Arjuna Award is evidence of Virat Kohli’s character
Nishad Pai Vaidya/Cricketcountry
In five years at the international level, Virat Kohli has carved a niche for himself and stands-out from the rest. An ageing group of veterans left behind a lasting legacy, with the young Kohli being the torchbearer of the new era. He fought his demons, the critics who branded him a rebel, distractions that inhibit any cricketer to become India’s mainstay at the young age of 24. Though one is easily captivated by his swagger and off-field appeal, it is his undying desire to succeed on the field that makes Kohli the champion he is.
Winning the Arjuna Award is certainly a momentous occasion for Kohli. It puts him alongside many other Indian cricketers who have excelled on the field of play — whose efforts were recognised by the government. Yuvraj Singh and Zaheer Khan were the previous awardees from the cricketing arena. More than anything, this award is evidence of Kohli’s character and fight. Talent is one thing, but persistence and the determination to succeed is what separates the champions from the ordinary.
If one traces Kohli’s growth since he burst on to the scene in 2008 to the present day, one can see that he has matured at each stage. There may be the odd flares of temper, but he assures the fan some confidence that he is in control of the proceedings. Back in 2008, many felt he was this brash kid — living in the glory of his Under-19 World Cup victory and in danger of letting his illusions get the better of him. But, Kohli took control and committed himself to the path of success.
The true testament to Kohli’s character came way before he donned the India jersey. It is a moment that would continue to define him although it happened away from the watchful eyes of the public. In the middle of a Ranji Trophy match in 2006, he lost his father and yet was back the next day to bat for Delhi. Putting his emotional trauma behind, he fought his way to 90 before he was dismissed. Such was the power of the knock that the opposition too was moved. The young boy then left for his father’s funeral. But, a man was born! It was the first sign of a champion with nerves of steel.
In many ways, Kohli too is an iconic character in a country that is brimming with youth. Sachin Tendulkar is the ultimate Indian dream, MS Dhoni symbolises the hopes of the India away from metro cities, but Kohli is someone who appeals to the youth. Today, India’s young are changing and shedding the inhibitions that held the country back in the past. They are there to challenge the traditional notions and move along their own path. Doesn’t it sound all too familiar with Kohli on the field?

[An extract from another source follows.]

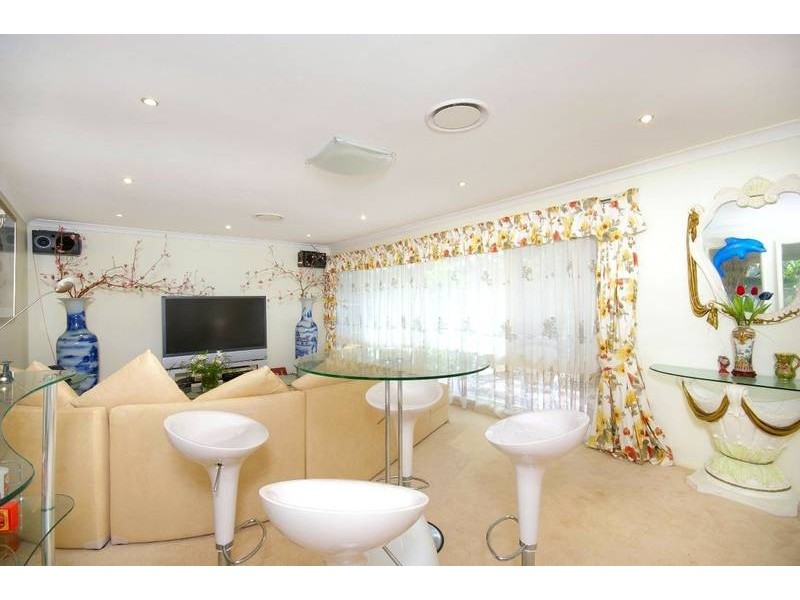 25 Wareemba Avenue, Thornleigh NSW 2120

Kohli hasn’t been the typical Indian cricketer. There have been many in the past who have been unafraid to express themselves. But, there is more optimism and confidence in Kohli’s body language. Let us rewind to the 2011 World Cup final at Mumbai. At the fall of the great Tendulkar’s wicket, at his home-ground, Kohli walked into an arena of stunned silence. This writer was seated close to the Indian dressing room and watched him run down the stairs onto the turf. His body-language was unfazed, exuding confidence and signalling intent to take on the battle head on. He may have scored only 35, but they were worth their weight in gold.
When one has to pick some of the best moments of Kohli’s career, one tends to go for the innings against Sri Lanka at Hobart or the 183 against Pakistan. However, this writer would follow a tangent. It is quite a story that Kohli was at the other end when India’s two greatest batsmen in modern times big good-bye to the one-day game. Kohli batted with Rahul Dravid during the latter’s final ODI at Cardiff. A few months down the line, he was at the other end when Tendulkar played his last ODI innings in Dhaka. In a way, they had passed down the baton saying, “Here it is young man! Take Indian cricket forward.” Almost as if he was answering those calls instantly, he scored tons on both occasions.
When India were battling the transition and struggled in the last two years, Kohli was a class apart and enhanced his reputation. At one point, he seemed to be the Tendulkar of the 1990s — a figure on whom the entire unit depended to produce the result. But, now he seems to have able cohorts to take Indian cricket forward. Captaining the side in Zimbabwe was another step on his long road. This young man is already a champion, but greater things await him.